DATA FOR REVIEW:

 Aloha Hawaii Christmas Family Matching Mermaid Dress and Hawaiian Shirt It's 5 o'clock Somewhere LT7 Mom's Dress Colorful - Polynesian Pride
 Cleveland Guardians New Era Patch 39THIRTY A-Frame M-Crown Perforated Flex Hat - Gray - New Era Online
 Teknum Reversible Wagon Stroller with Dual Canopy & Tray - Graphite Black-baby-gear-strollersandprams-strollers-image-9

...

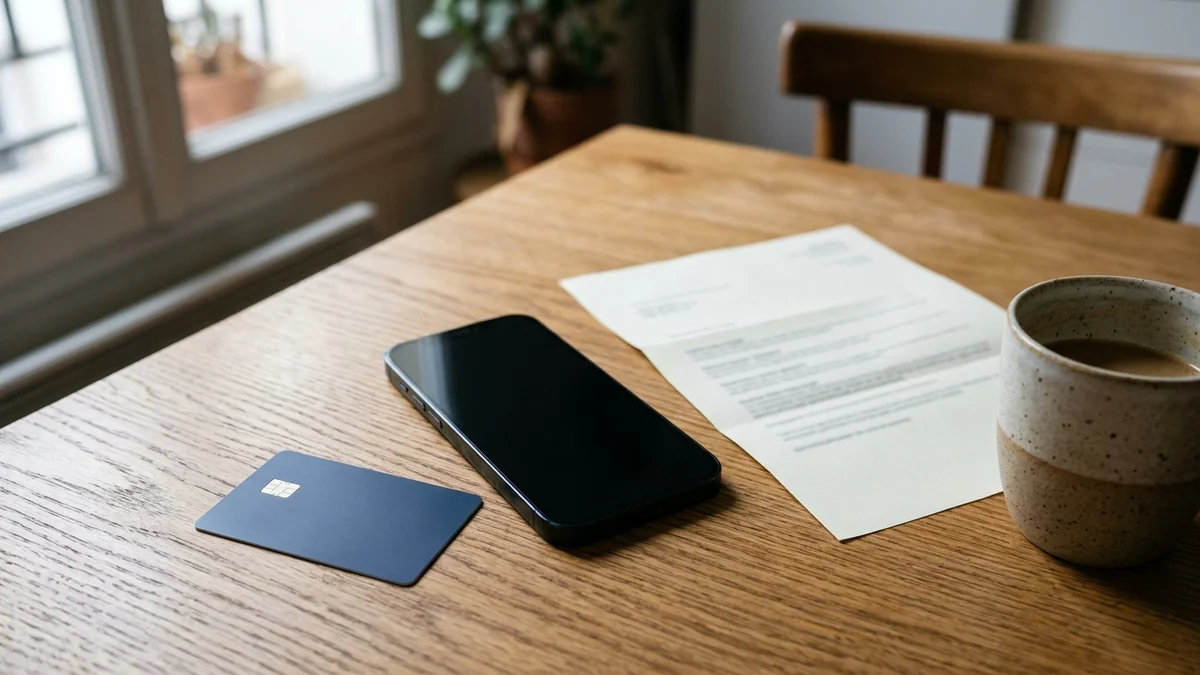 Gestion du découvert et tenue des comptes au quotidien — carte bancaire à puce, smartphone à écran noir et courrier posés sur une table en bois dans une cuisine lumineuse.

WORK INSTRUCTIONS:
Of the entries above, transcribe exactly those lines that fall between the line containing "Aloha Hawaii Christmas" and the line containing "Cleveland Guardians New", together with those two lines.

SOLUTION TO THIS PROBLEM:
 Aloha Hawaii Christmas Family Matching Mermaid Dress and Hawaiian Shirt It's 5 o'clock Somewhere LT7 Mom's Dress Colorful - Polynesian Pride
 Cleveland Guardians New Era Patch 39THIRTY A-Frame M-Crown Perforated Flex Hat - Gray - New Era Online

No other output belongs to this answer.